SUPPLIED DATA: Begin

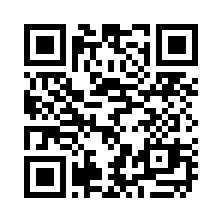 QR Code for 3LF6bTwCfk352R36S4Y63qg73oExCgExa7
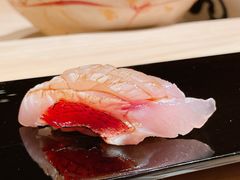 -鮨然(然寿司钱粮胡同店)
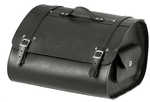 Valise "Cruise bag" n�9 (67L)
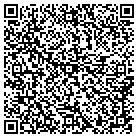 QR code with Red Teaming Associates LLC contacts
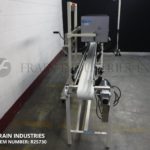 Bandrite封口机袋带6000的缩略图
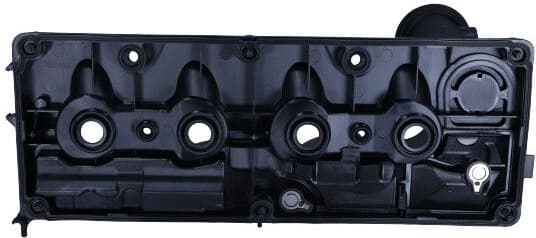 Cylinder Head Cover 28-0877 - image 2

SUPPLIED DATA: End
SUPPLIED DATA: Begin

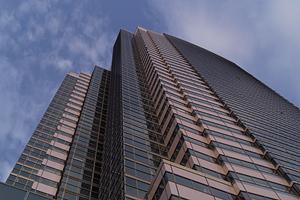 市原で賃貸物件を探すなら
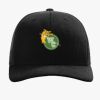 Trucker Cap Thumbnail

SUPPLIED DATA: End
SUPPLIED DATA: Begin

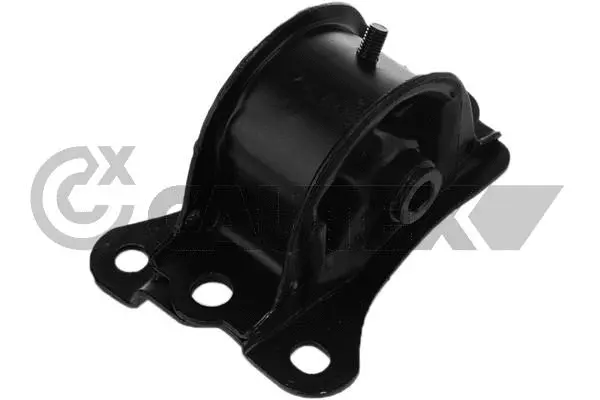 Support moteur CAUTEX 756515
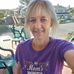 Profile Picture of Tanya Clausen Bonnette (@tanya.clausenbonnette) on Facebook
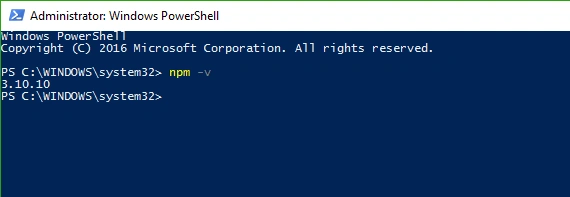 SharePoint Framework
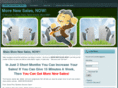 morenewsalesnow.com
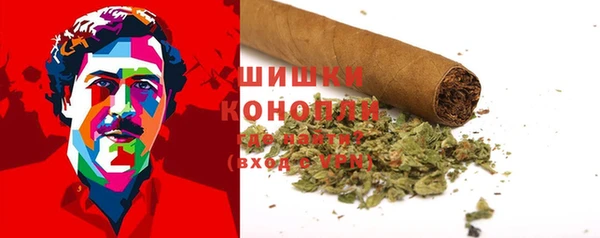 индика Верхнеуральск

SUPPLIED DATA: End

◆ YOUR OBJECTIVE
Although the records above contain pictures, the copy should not; retype exactly the lines from the one containing "QR Code for" through the one containing "Cylinder Head Cover 28-0877 - image 2".

◆ YOUR RESPONSE
 QR Code for 3LF6bTwCfk352R36S4Y63qg73oExCgExa7
 -鮨然(然寿司钱粮胡同店)
 Valise "Cruise bag" n�9 (67L)
 QR code with Red Teaming Associates LLC contacts
 Bandrite封口机袋带6000的缩略图
 Cylinder Head Cover 28-0877 - image 2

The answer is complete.